Neural Networks as Graphs
In mlr3torch, nn_modules are wrapped in a
PipeOpModule. This has the advantage that the network
structure can be represented as an mlr3pipelines::Graph
object where it is made explicit (can be plotted, can be extended or
manipulated), compared to e.g. writing a function that pipes input
through a series of modules.
A PipeOpModule can be used to wrap a module directly,
but it is usually constructed by a PipeOpTorch (see later).
It typically has a single input and a single output, although multiple
inputs are possible (module is then called with multiple arguments), and
multiple outputs are possible when the module-function returns a list.
The input and output channels must be explicitly declared then during
construction. We will now continue to recreate the above network using
PipeOpModules.
We can wrap the linear module_1 layers like this:
Note that po("module_1") is equivalent to
po("module", id = "module_1"). This mechanism is convenient
to avoid ID clashes in graphs that contain the same PipeOp
multiple times.
We can use the generated PipeOp in the familiar way:
output = po_module_1$train(list(input))[[1]]
output
#> torch_tensor
#> 0.1785 -0.0593 -0.4577 -0.5281
#> 0.7633 0.1062 -0.4100 -0.7551
#> [ CPUFloatType{2,4} ][ grad_fn = <AddmmBackward0> ]Note we only use the $train(), since torch modules do
not have anything that maps to the state (it is filled by
an empty list).
The single hidden layer neural network can be constructed as a
Graph, which can then do the training all at once.
po_activation = po("module", id = "activation", activation)
po_module_2 = po("module_2", module = module_2)
po_softmax = po("module", id = "softmax", module = softmax)

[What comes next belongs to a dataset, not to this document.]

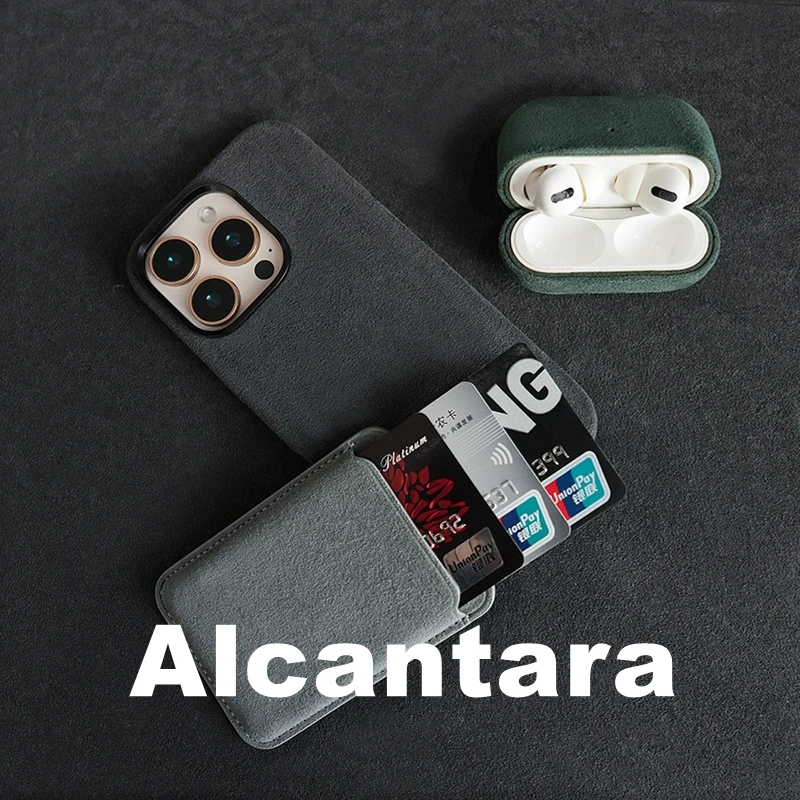 

Genuine Italy Alcantara Leather Wallet with MagSafe Magnetic Magnets Built-in Card Holder For iPhone 16 15 14 13 12 Pro Max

module_graph = po_module_1 %>>%
po_activation %>>%
po_module_2 %>>%
po_softmax
module_graph$plot(html = TRUE)We can now use the graph’s $train() method to pipe a
tensor through the whole Graph.
output = module_graph$train(input)[[1]]
output
#> torch_tensor
#> 0.2276 0.3846 0.3878
#> 0.2154 0.3835 0.4011
#> [ CPUFloatType{2,3} ][ grad_fn = <SoftmaxBackward0> ]While this object allows to easily perform a forward pass, it does
not inherit from nn_module, which is useful for various
reasons. Instead of having a class that inherits both from
nn_module and Graph (which does not work in
R6, since multiple inheritance is not available), there is a class that
inherits from nn_module and contains a Graph
member slot through composition. This class is nn_graph. It
is constructed with a Graph, as well as information about
the shape(s) of the torch_tensor(s) it expects as
inputs.
Shape info is communicated as an integer-valued numeric
vector; dimensions that are arbitrary, e.g. batch-size, is given as
NA. Our network expects an input of shape
c(NA, 3), since the first layer was created as
nn_linear(in_features = 3, ...).
If the Graph has multiple outputs, it is also possible
to select a subset of outputs to use, or change the output order, by
giving the output_map argument.
# the name of the single input is:
module_graph$input
#> name train predict op.id channel.name
#> <char> <char> <char> <char> <char>
#> 1: module_1.input torch_tensor NULL module_1 input
graph_module = nn_graph(
module_graph,
shapes_in = list(module_1.input = c(NA, 3))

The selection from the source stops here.